Dai Beatles ai Supergrass, i nostrani The Charlestons dimostrano di aver assimilato ben bene tutti i dettami del brit pop tutto degli ultimi 35 anni e confezionano, in questo “Off The Beat”, un secondo inciso che ha tutto il sapore della summa di un’ispirazione davvero evidente e totalitaria.
Tra refrain cristallini e sorprendenti a circondare l’iniziale titletrack e la successiva “Love Is A Cadillac”, solamente con “Energy” scopriamo, un po’ a sorpresa, che il terreno in cui la band pare essere maggiormente a suo agio è il mid-tempo di epica ispirazione, con orchestra e certosini arrangiamenti a far splendere anche una “Let It All Hang Out”, una luce ben più potente di quella prodotta dagli ottoni smaglianti che muovono, festosi, una “Eager Beaver” e la sua successiva reprise.

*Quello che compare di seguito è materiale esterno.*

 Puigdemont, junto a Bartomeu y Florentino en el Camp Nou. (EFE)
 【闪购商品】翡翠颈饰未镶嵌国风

Arricchito da una produzione certosina e precisa al millesimo di secondo nel restituire il giusto feeling al quadro sonoro d’insieme, il disco risulta estremamente godibile soprattutto perché la band si dimostra completamente a suo agio nel riproporre queste classiche melodie del pop inglese, tanto che fatichi quasi a credere che il vocalist Mattia Bonanni condivida la nazionalità non con Londra, ma con Parigi.
Il problema dell’opera è poi che uno ed uno soltanto: il suo essere completamente derivativa. Efficace, certo, ma nel proporre una musica che, negli ultimi 40 anni, abbiamo sentito spesso e sin troppo spesso rivitalizzata da correnti di intensità alterna lungo l’asse del tempo. Se siete nostalgici di quella scena, i The Charlestons sapranno offrirvi la musica giusta per farvi sospirare a lungo e di piacere sulla dolce onda della vostra malinconia; tuttavia, non c’è da sorprendersi se, di contro, molti preferiranno tornare ad ascoltare gli originali e considereranno questo “Off The Beat” il giusto.